A lot of companies provide NoSQL architectures. One of the most popular is [MongoDB](https://www.mongodb.com/). A MongoDB database contains collections (tables) of documents (entries). The documents are stored in the JSON format which is very convenient to handle with Python!

The syntax of the queries is based on JavaScript. They basically look like python dictionaries.

Before diving in some exercises, you can have a look to [this quick intro](https://www.mongodb.com/docs/manual/tutorial/query-documents/) about MongoDB queries.

### Creating the database

We have created and filled a MongoDB database for you. You probably know already the database. It is the list of country leaders that you have used already in the Wikipedia project.
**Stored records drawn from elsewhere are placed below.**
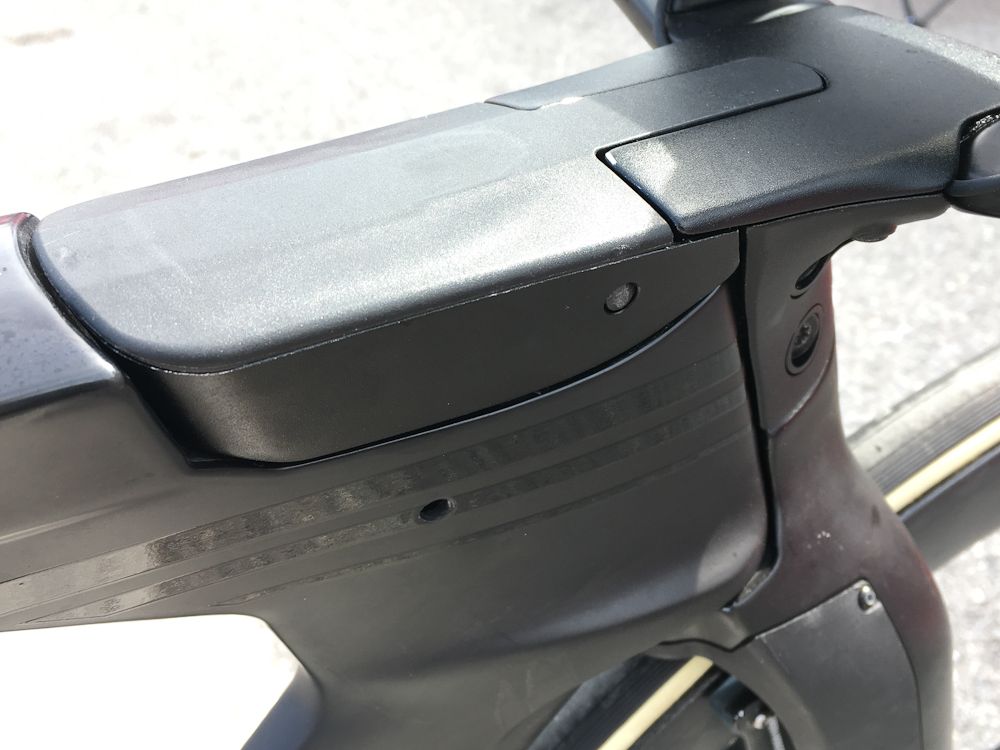 The integrated stem/fork features 'Hidden Brake Booster Technology'
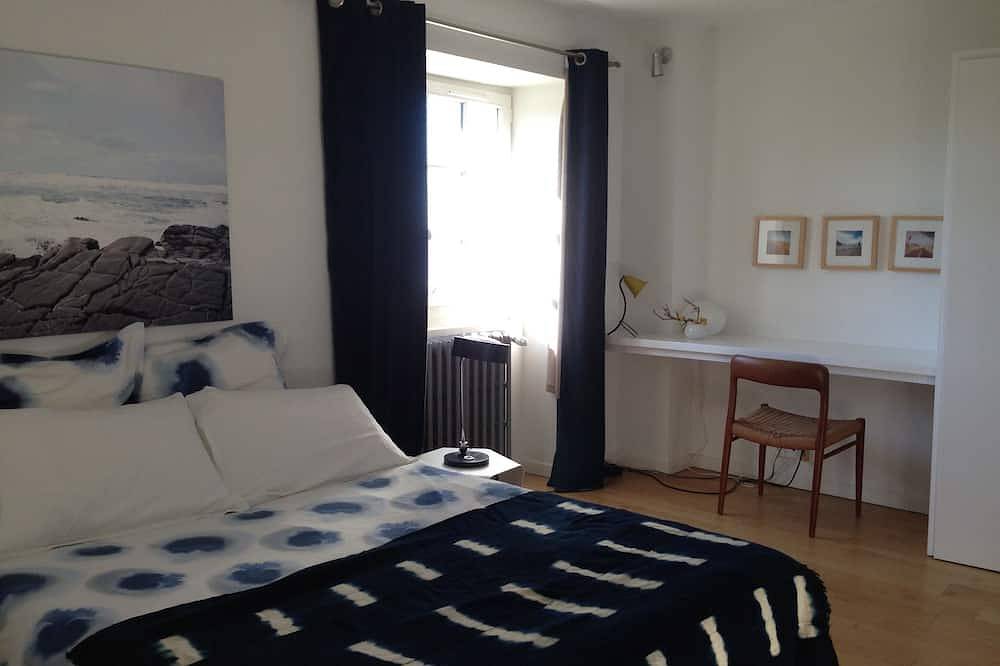 Old renovated Basque house, 200 m away from Cénitz Beach, with a view of the sea in Guéthary, Bayonne region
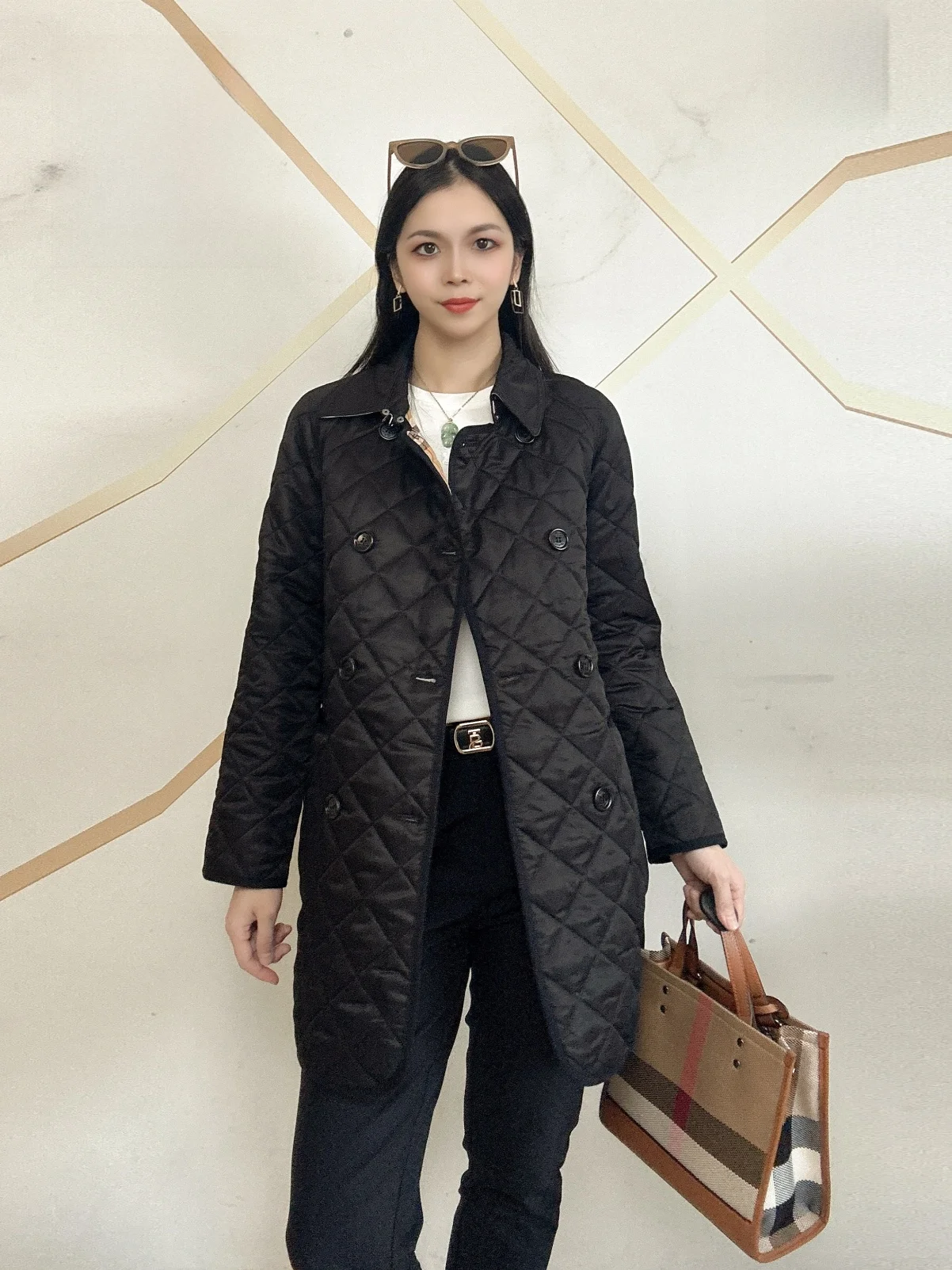 

Новая зимняя женская хлопковая куртка-пальто средней длины с ромбовидной вышивкой, повседневная, универсальная, теплая, модная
You can set it up by deploying the Docker image we have pre-built:

In [1]:
# You can run it from this notebook with:
!docker-compose up -d

# Or in your terminal with:
# docker-compose up -d


Traceback (most recent call last):
  File "/usr/lib/python3.12/site-packages/urllib3/connectionpool.py", line 715, in urlopen
    httplib_response = self._make_request(
                       ^^^^^^^^^^^^^^^^^^^
  File "/usr/lib/python3.12/site-packages/urllib3/connectionpool.py", line 416, in _make_request
    conn.request(method, url, **httplib_request_kw)
  File "/usr/lib/python3.12/site-packages/urllib3/connection.py", line 244, in request
    super(HTTPConnection, self).request(method, url, body=body, headers=headers)
  File "/usr/lib64/python3.12/http/client.py", line 1336, in request
    self._send_request(method, url, body, headers, encode_chunked)
  File "/usr/lib64/python3.12/http/client.py", line 1382, in _send_request
    self.endheaders(body, encode_chunked=encode_chunked)
  File "/usr/lib64/python3.12/http/client.py", line 1331, in endheaders
    self._send_output(message_body, encode_chunked=encode_chunked)
  File "/usr/lib64/python3.12/http/client.py", line 1091, in _se

### Conneting to the database

For using MongoDB through Python you will need to install the `pymongo` library.

In [2]:
from pymongo import MongoClient

# Creation of a MongoDB Client (by giving the host and the port)
client = MongoClient(host="localhost", port=27017)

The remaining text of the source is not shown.